I am an Indian Muslim. I am a person whose ancestors fought for India and stood against the partition and even showed their love by not agreeing to go to Pakistan. I love my country the same way any other Indian would. But during times like this, I would really like to ask scientists to invent a machine which can measure love. So, that I can prove my love for my nation to my government.
I was born and brought up in a secular India. I feel a heart-wrenching pain with the present condition.
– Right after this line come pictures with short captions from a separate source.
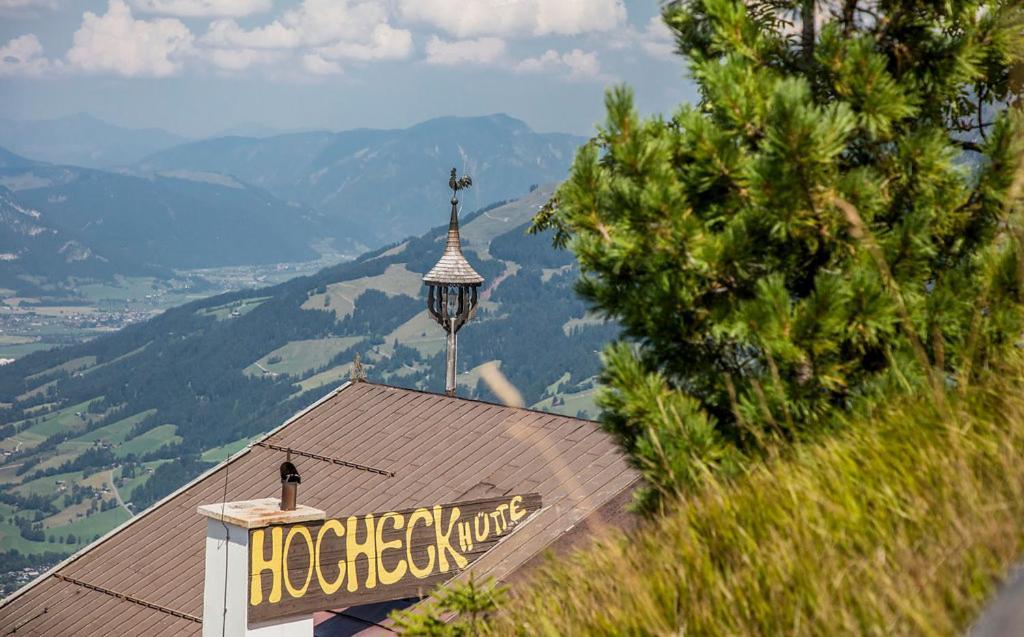 Hocheckhuette On Of The Hahnenkamm Mountain Kitzbühel
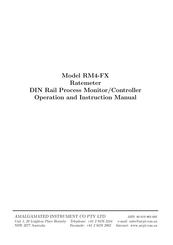 AMALGAMATED INSTRUMENT RM4-FX Operation And Instruction Manual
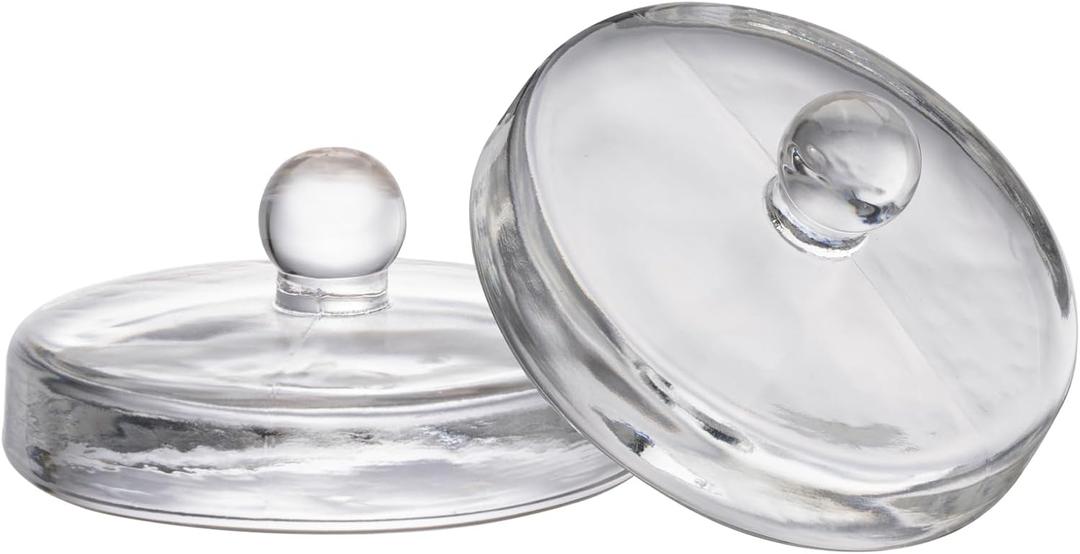 Gallon Fermentation Weight, 3.75inch Large Glass Fermenting Weight for Gallon Jar, Pack of 2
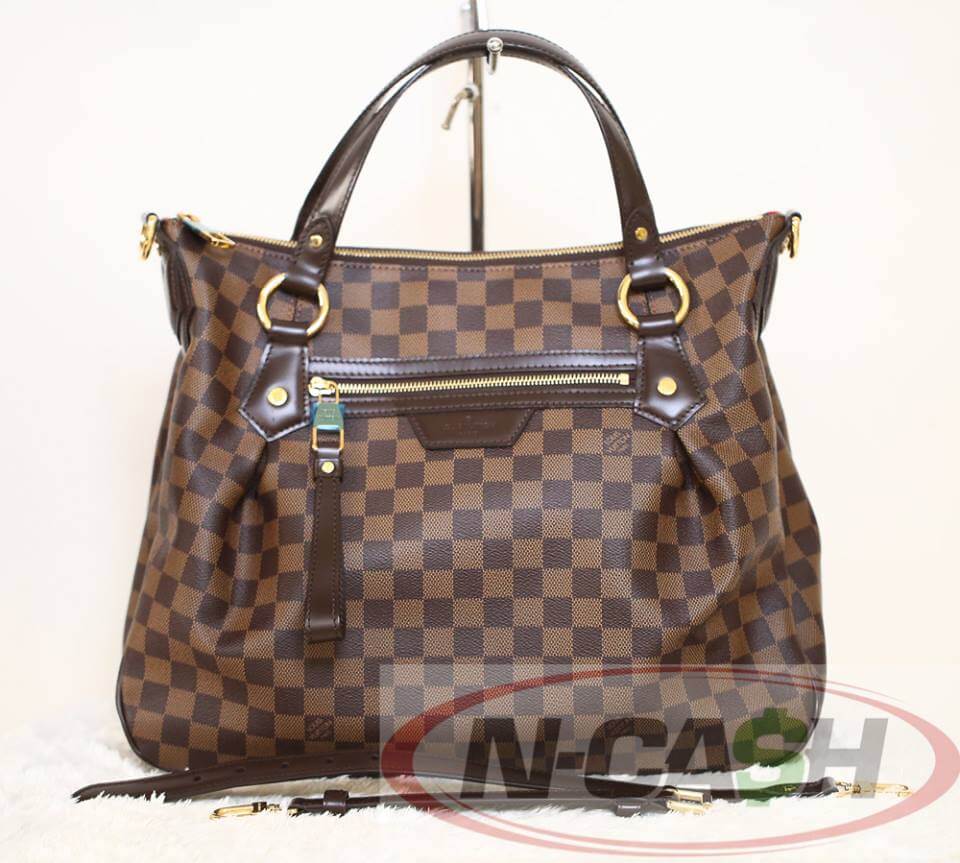 Louis Vuitton Evora MM Tote in Damier Ebene Canvas, Mint condition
I am having sleepless nights, thinking about people in detention camps, and about people around me, who can be sent to detention camps, just because they don’t have proper documents.
Our constitutional values are in danger, and no person who has faith in our democracy can afford to be silent and uninvolved in the present scenario.
Article 14 of the Constitution lays down that the “State shall not deny to any person equality before the law or the equal protection of the laws within the territory of India”. It bears emphasis that Article 14 applies not only to citizens but to “all persons within the territory of India”. And yet, discrimination is going on openly. And still, we are asked to keep silent. Isn’t it now, high time, to stop keeping silent, just for the sake of maintaining a diplomatic face?
The students who are protesting are highly qualified and are being defamed uselessly.
They are understanding the depth of the situation and raising their voices against it. The protest wasn’t meant to get violent, but, it was all done by the law keepers, who used the law through their lathi, in the most disruptive way.
This will all be remembered in history as the ‘black days’; I believe it’s even worse than the situation under the British government, because, this time, it’s Indian V/S Indian.
Now I can imagine historical incidents in the light of the current situation. How they must have felt? How did they do it? We can now understand it even more easily. But the sad part is, that our forefathers fought so that we wouldn’t have to face these situations. But unfortunately, we are also standing in their shoes. We are also fighting for our rights, fighting for freedom, fighting for the Constitution. I hope, we also win, in the same way.